• **Your assignment**
Transcribe the listing verbatim. Do not carry over any pictures.

• **The data**
◇ ◇ ◇

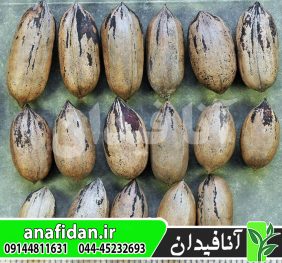 نهال گردو پکان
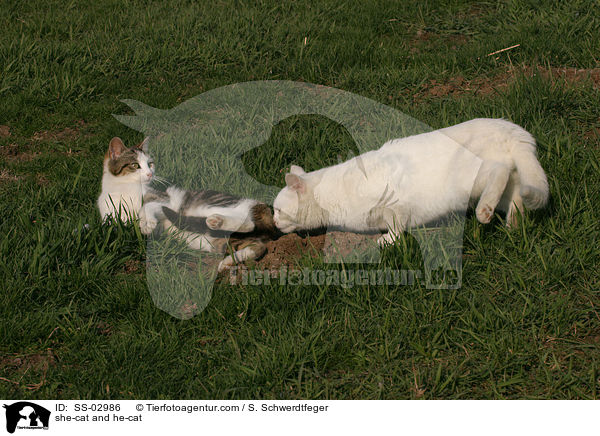 she-cat and he-cat / SS-02986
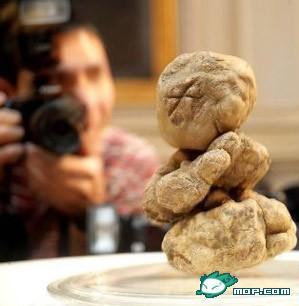 富豪專屬美食榜：7款天價食材與珍饈，一次看個夠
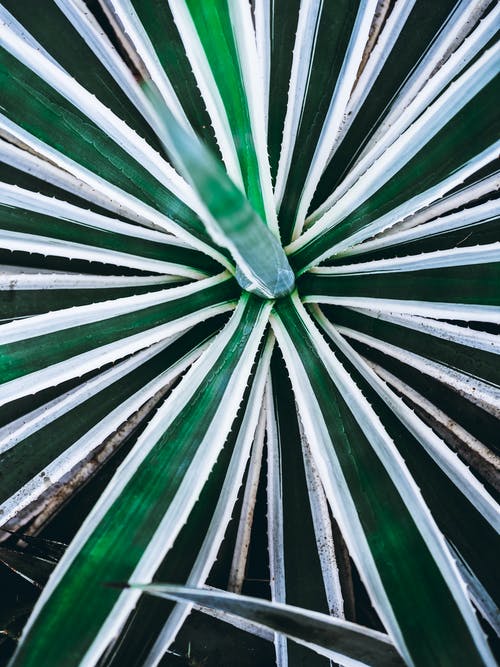 有关垂直拍摄, 天性, 植物學的免费素材图片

◇ ◇ ◇

• **Result for this task**
 نهال گردو پکان
 she-cat and he-cat / SS-02986
 富豪專屬美食榜：7款天價食材與珍饈，一次看個夠
 有关垂直拍摄, 天性, 植物學的免费素材图片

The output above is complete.